God’s word as foundation for scientific law
The first enrichment for thinking about science comes from the biblical theme of the word of God. We are familiar with the Bible’s teaching that the Bible itself is the word of God. But the Bible also contains a considerable number of passages that indicate that God speaks words in exercising control over the natural world:
He sends out his command to the earth;
his word runs swiftly.
He gives snow like wool;
he scatters hoarfrost like ashes.
He hurls down his crystals of ice like crumbs;
who can stand before his cold?
He sends out his word, and melts them; … (Ps. 147:15-18 ESV).3Who has spoken and it came to pass,
unless the Lord has commanded it?
Is it not from the mouth of the Most High
that good and bad come? (Lam. 3:37-38)
In addition, in the foundational passage in Genesis 1 God’s speech has a central role. “And God said, ‘Let there by light,’ and there was light” (Gen. 1:3). The principal acts of creation take place by God speaking.
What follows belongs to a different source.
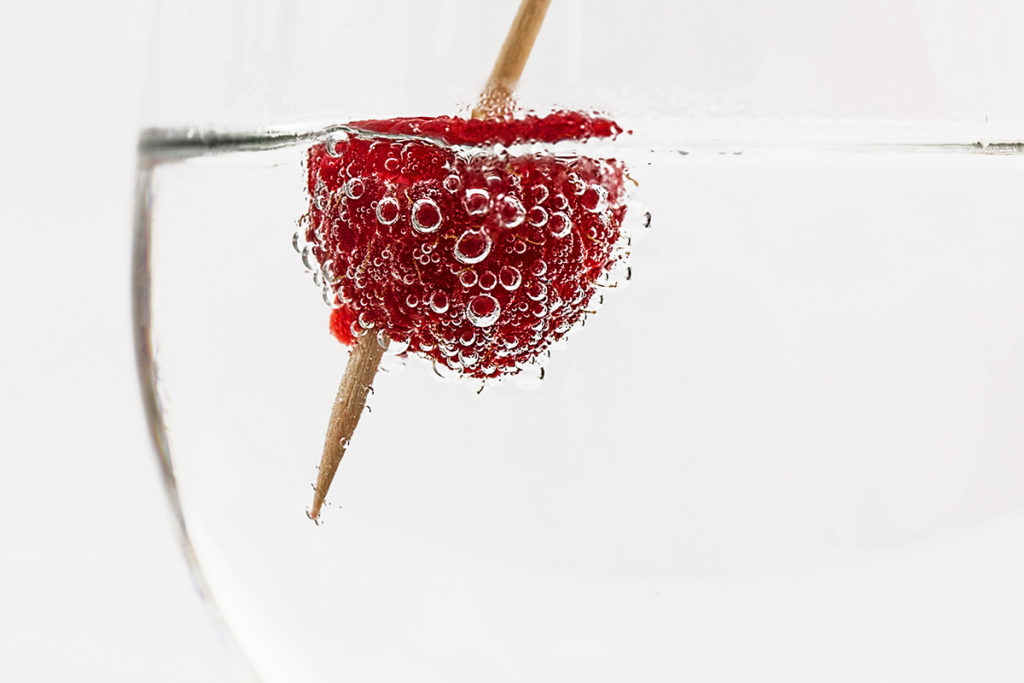 raspberry fruit infused water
God’s word is therefore the foundation for all of creation, and provides a foundation in particular for those regularities that are termed scientific law. Science in all its parts depends on the belief in regularities, and on confidence that laws exist. In so doing, it is depending on the word of God and on the regularities that God specifies in his speech.4 In particular, the real laws of physics are the word of God. Human physicists give us an approximation to that word.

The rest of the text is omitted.